Zum anderen merken die Eltern schnell, daß es nicht darum geht, einen Religionsunterricht wie in der Schule nun privat abzuhalten. Es geht darum, gemeinsam mit dem Kind sich auf den Weg zu machen, um Jesus Christus zu begegnen, ihn besser kennenzulernen und gemeinsam die Beziehung zu ihm zu pflegen. Für manche Eltern ist ER ein guter Bekannter, mit dem sie vertraut sind. Es bereitet ihnen keine großen Schwierigkeiten, ihr Kind in diese Beziehung mithineinzunehmen.
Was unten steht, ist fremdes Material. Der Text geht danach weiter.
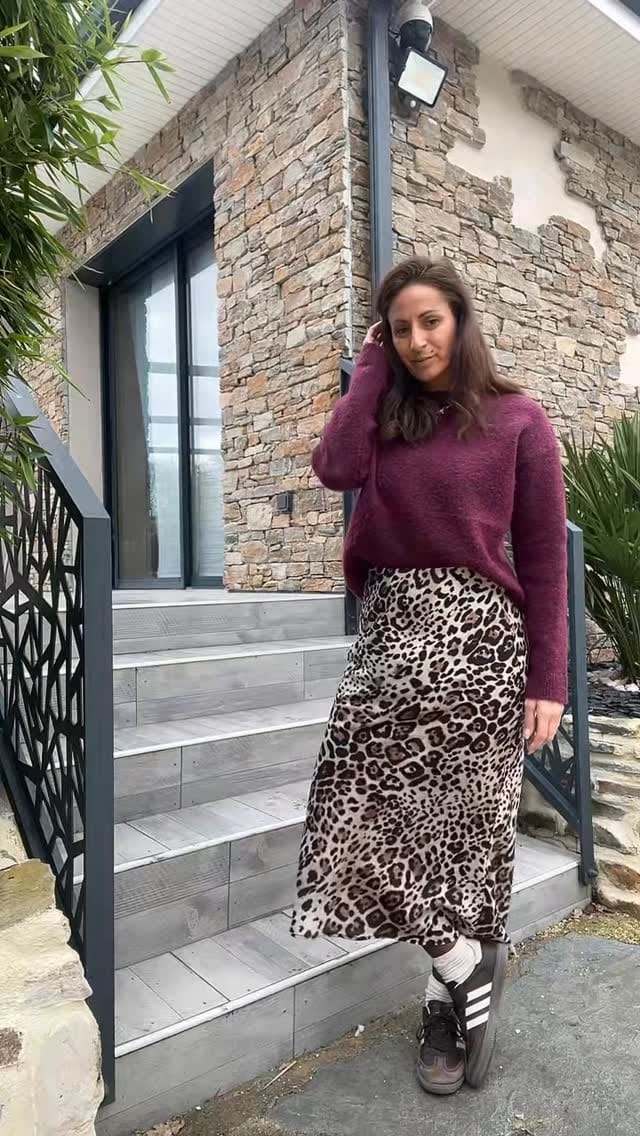 Post 6 by The French Louve ❤️ Delphine on Instagram (video)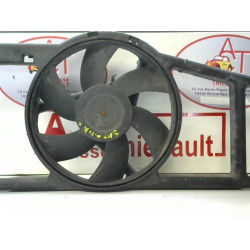 Moto ventilateur radiateur RENAULT SAFRANE d’occasion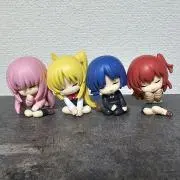 イトウの画像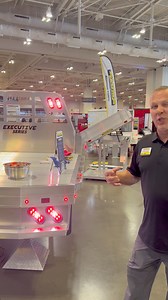 NEW Model EX81084 Truck Bed NATDA #alumalife #aluma | Aluma Trailers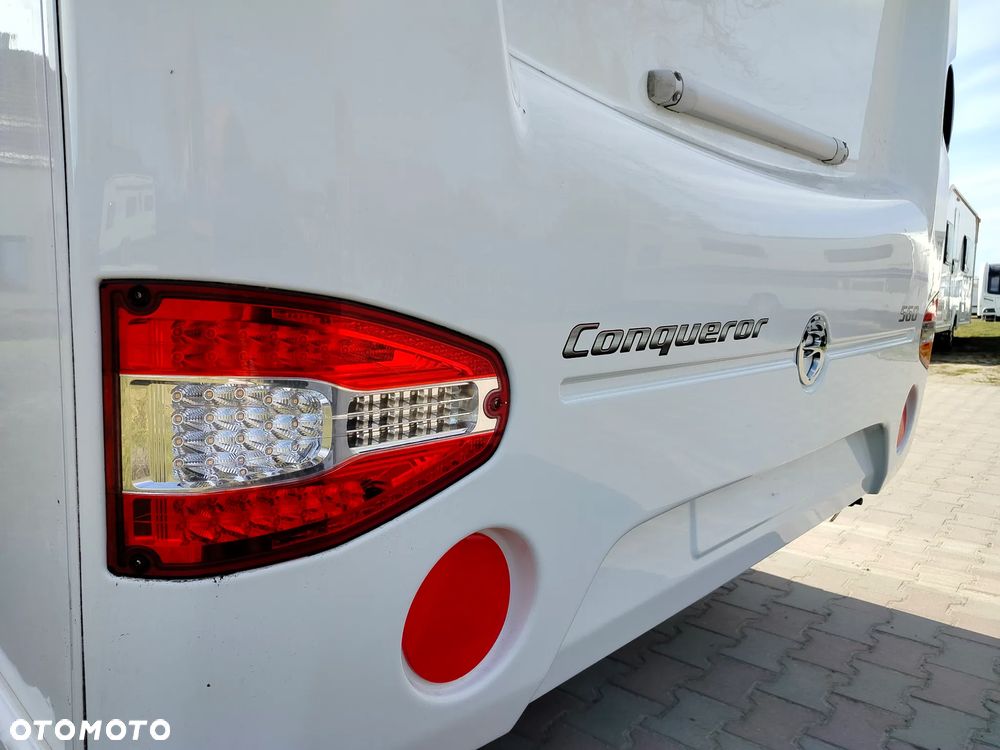 SWIFT Conqueror - 39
Bleibende Früchte für das Familienleben

Viele Eltern müssen den aus vergangenen Tagen bereits Bekannten nochmals neu kennenlernen oder die aus allerlei Gründen etwas einge-schlafene, vielleicht problematisch gewordene Beziehung für sich selber erst wieder erklären und auffrischen. Dabei können sie aber durchaus zusammen mit ihrem Kind diese Beziehung erschließen. Kinder von Eltern, die sich trotz allen Bemühungen seitens der pastoral Verantwortlichen nicht auf den „Kommunionweg als Familienkatechese" einlassen wollen oder können, werden von der Kommunionvorbereitung nicht ausgeschlossen. Diese Kinder gehen eben nur in die Kommuniongruppe und lernen dadurch Jesus Christus zumindest so gut kennen, daß es verantwortet ist, sie zur Erstkommunion zuzulassen.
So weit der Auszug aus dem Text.